[<prev] [next>] [<thread-prev] [day] [month] [year] [list]
Message-ID: <20220902195324.15a9ae30@kernel.org>
Date: Fri, 2 Sep 2022 19:53:24 -0700
From: Jakub Kicinski <kuba@...nel.org>
To: Kees Cook <keescook@...omium.org>
Cc: Pablo Neira Ayuso <pablo@...filter.org>,
Jozsef Kadlecsik <kadlec@...filter.org>,
Florian Westphal <fw@...len.de>,
"David S. Miller" <davem@...emloft.net>,
Eric Dumazet <edumazet@...gle.com>,
Paolo Abeni <pabeni@...hat.com>,
syzbot <syzkaller@...glegroups.com>,
netfilter-devel@...r.kernel.org, coreteam@...filter.org,
netdev@...r.kernel.org,
Harshit Mogalapalli <harshit.m.mogalapalli@...cle.com>,
linux-kernel@...r.kernel.org, linux-hardening@...r.kernel.org
Subject: Re: [PATCH v3] netlink: Bounds-check struct nlmsgerr creation
On Fri, 2 Sep 2022 16:08:01 -0700 Kees Cook wrote:
> > - if (extack->cookie_len)
> > - tlvlen += nla_total_size(extack->cookie_len);
> > + if (extack->_msg &&
> > + check_add_overflow(*tlvlen, nla_total_size(strlen(extack->_msg) + 1), tlvlen))
> > + return false;
>
> If that's not desirable, then I guess the question I want to ask is
> "what can I put in the unsafe_memcpy() comment above that proves these
> values have been sanity checked? In other words, how do we know that
> tlvlen hasn't overflowed? (I don't know what other sanity checking may
> have already happened, so I'm looking directly at the size calculations
> here.)
The netlink helpers for adding attributes check whether there is enough
space left in the skb. So if the calculation overflows, so be it. We'll
hit EMSGSIZE in the writing phase and unwind. The writing should make
no assumptions about the skb size. In fact all dumps will routinely hit
EMSGSIZE as we try to fit as many objects into a skb as possible, so we
unwind the one that would go over. Unwinding is well exercised in a lot
of netlink code (not here, MSG_DONE/MSG_ERROR ain't a dump).
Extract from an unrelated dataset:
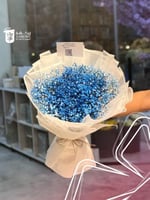 باقة ورد جبسوفيليا الازرق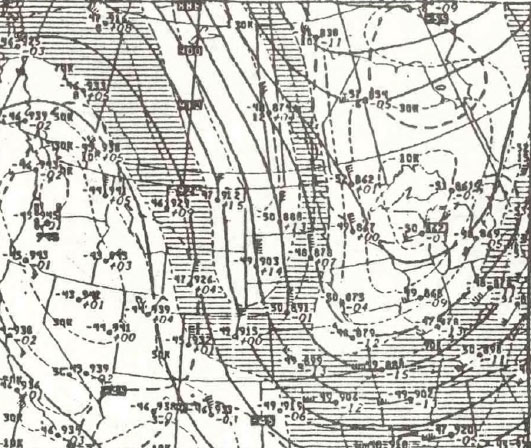 Analysis of the 300-millibar pattern on February 4th 1984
The pre-calculation is just an estimate, if the message size ends up
being insane it really doesn't matter if the calculation is 0, INT_MAX
or random(). User is not gonna get a response, anyway.
... unless someone uses the unsafe helpers like __nlmsg_put() rather
than nlmsg_put(), hence my suggestion in the other email.